Sha waited in patient silence.

“You can’t assassinate this Cane for fear of making him a martyr among your people. Correct?”

“Even so.”

Marcus scratched at his chin. “An accident, perhaps? These ships are dangerous, after all.”

“My lord would never condone the collateral loss of life that would require. Or forgive himself for it. No.”

Marcus nodded. “Difficult to push him under the runners of his ship without being seen.”
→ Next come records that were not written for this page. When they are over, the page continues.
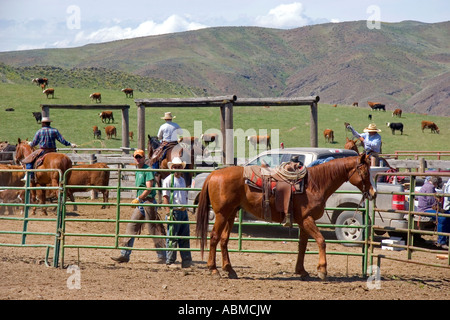 Cowboys Rinder für das branding in der Nähe von Emmett Idaho aufrunden Stockfoto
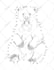 design animal dot to dot pages and connect the dots for kid activity pages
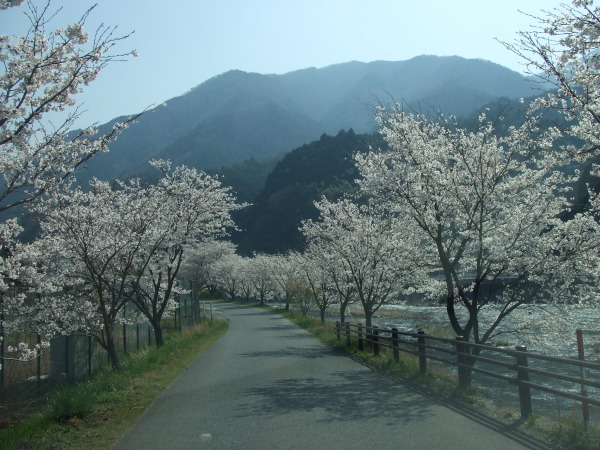 桜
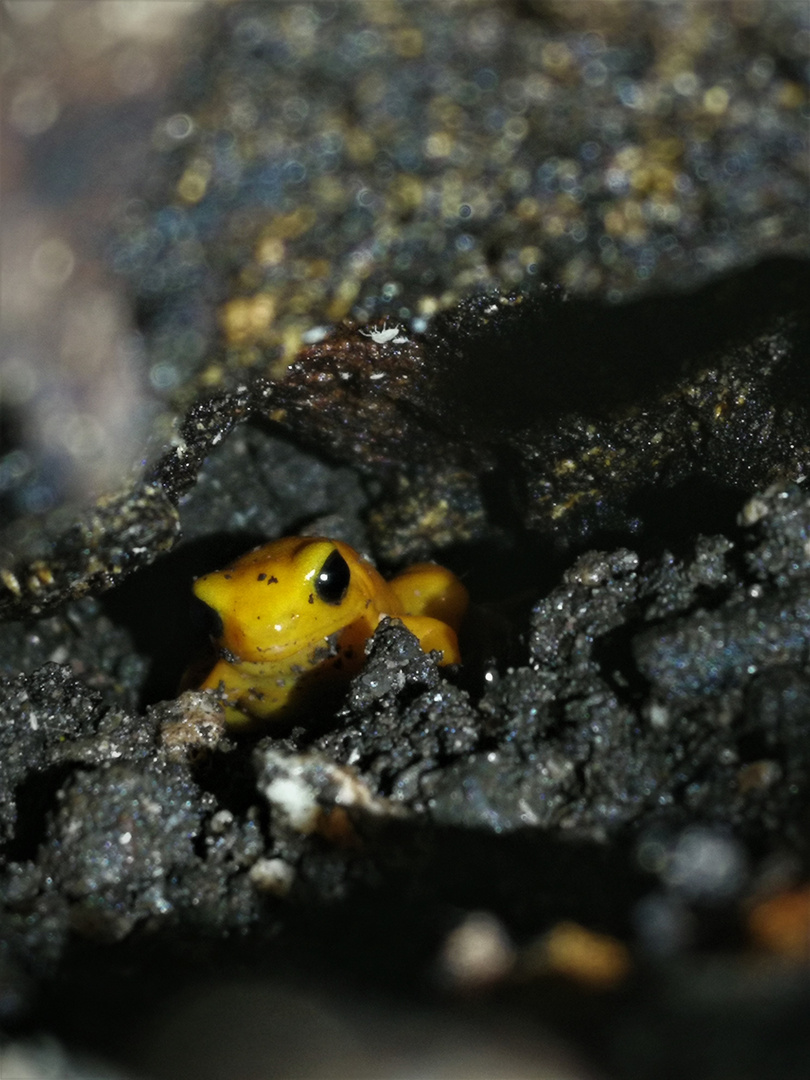 Mantella aurantiaca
“Impossible,” Sha said. “I spent the last two days looking for the opportunity. He hides in his cabin, surrounded by sycophants. Cowardly.” He paused a beat, and allowed, “If practical.”

Marcus drummed his fingertips on the cool steel of his armor. “What happens if he isn’t assassinated? What if he just… disappears. No blood. No evidence of a struggle. No one ever sees him again.”

Sha let out another rumbling growl, one that raised the hairs on the back of Marcus’s neck despite the fact that he was beginning to understand it as a sound accompanying pensive moments for the Cane. “Disappear. It is not… common to our service.”

“No?”

“Never. We serve our lords, but in the end we are his weapons, his tools. He abides by our work as if he had done it with his own hands. If my lord could best solve his problem by killing another Cane, he would do so with his own blade. When he cannot do so, for reasons of tradition or because of the code, and his Hunters are sent, it is understood that they are yet his weapons.”

“And that protects him from the consequences of his actions?”